Hydrocephaly
Definition
Hydrocephaly is an enlargement of the head caused by an abnormal accumulation of cerebrospinal fluid (CSF) in the cranium due to an imbalance between the production and absorption of CSF. This forces the ventricles to enlarge, which in turn exerts pressure on the surrounding brain tissue to shrink and the Head to enlarge (Schrander-Stumpel 1998, Buyse 1990, Vintziloes 1983).
Congenital hydrocephaly is one of the most common central nervous system anomalies. This generally refers to a condition that exists parentally and excludes other neural tube defects; this condition usually develops by the twentieth week of gestation, and defect can occur either alone, in association with spina bifida, or as part of greater syndrome, such as Dandy-Walker syndrome.
There are various types of classifications of congenital hydrocephaly. Aqueductal stenosis is a type of hydrocephaly that results from narrowing of the aqueduct of Sylvius, an opening connecting the third and fourth ventricles in the brain. It is the most common form of hydrocephaly. Dandy-Walker syndrome Is a group of defects consisting of enlargement of the fourth ventricle of the brain, complete or partial absence of the cerebellar vermis (the middle area between the two cerebral hemispheres), cysts of the posterior fossa and hydrocephaly. The hydrocephaly associated with Dandy-Walker syndrome may not be present at birth but develop later. Dandy-walker syndrome accounts for 5-12% of the hydrocephaly cases (Vintzileos 1983).
Etiology
Congenital hydrocephaly is heterogeneous in origin. This defect can occur as a result of chromosomal abnormality, a parental infection, or a non-genetic structural defect. Mental infection with toxoplasmosis and cytomegalovirus (CMV) can both result in hydrocephaly. These infections can cause structural problems in the fetus, especially cranial lesions that may cause hydrocephaly. Unexpectedly, these lesions are less likely to form in children born to mothers that experienced a delay in treatment or were not treated at all. It is unclear if this is due to lack of exposure to pyrimethamine-sulfadiazine treatments.

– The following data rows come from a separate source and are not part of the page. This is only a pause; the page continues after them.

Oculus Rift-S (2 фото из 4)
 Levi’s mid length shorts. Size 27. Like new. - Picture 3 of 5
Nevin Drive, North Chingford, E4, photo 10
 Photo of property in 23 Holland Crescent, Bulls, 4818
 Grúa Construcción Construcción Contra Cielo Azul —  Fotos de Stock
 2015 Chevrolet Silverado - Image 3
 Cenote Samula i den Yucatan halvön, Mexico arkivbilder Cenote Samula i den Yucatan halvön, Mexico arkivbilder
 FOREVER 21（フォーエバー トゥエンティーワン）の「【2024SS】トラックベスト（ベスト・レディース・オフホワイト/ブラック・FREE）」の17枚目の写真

The defect can be associated with chromosomal abnormalities (trisomy and other syndromes (Walker-Wardbug syndrome, Meckel syndrome, Smith-Lemli-Optiz Syndrome, chondrodystrophies, etc), about one-quarter of the infants with hydrocephaly also have spina bifida; conversely, approximately 80% of children with spina bifida also have hydrocephaly. Hydrocephaly can also be secondary to central nervous system anomalies. The majority of congenital hydrocephaly cases have other additional birth defects such as congenital heart disease and cleft lip and palate (Schrander-Stumpel 1998, Stoll 1992, Buyse 1990, Drugan 1989, Hudgins 1988, Vintzileos 1983, and Chervenak 1985).
One specific gene that has been associated with this defect is L1, which is located on the Xq28 region. Mutations to the L1 cell adhesion molecule can manifest as a variety abnormalities and developmental delays. Multiple syndromes are associated with these mutations, including MASA (mental retardation, aphasia, hypoplasia, retardation, adducted thumbs, spastic paraplegia, and hydrocephalus) syndrome. This indicates that mental retardation associated with hydrocephaly may not be related to the reduced size of the ventricles, but related to an underlying genetic disorder (Partington 2001).
Non-genetic structural defects can occur for a variety of reasons. Hydrocephaly is positively associated with spina bifida. This defect is most often caused by a lack of folate/folic acid in the maternal diet (Partington 2001).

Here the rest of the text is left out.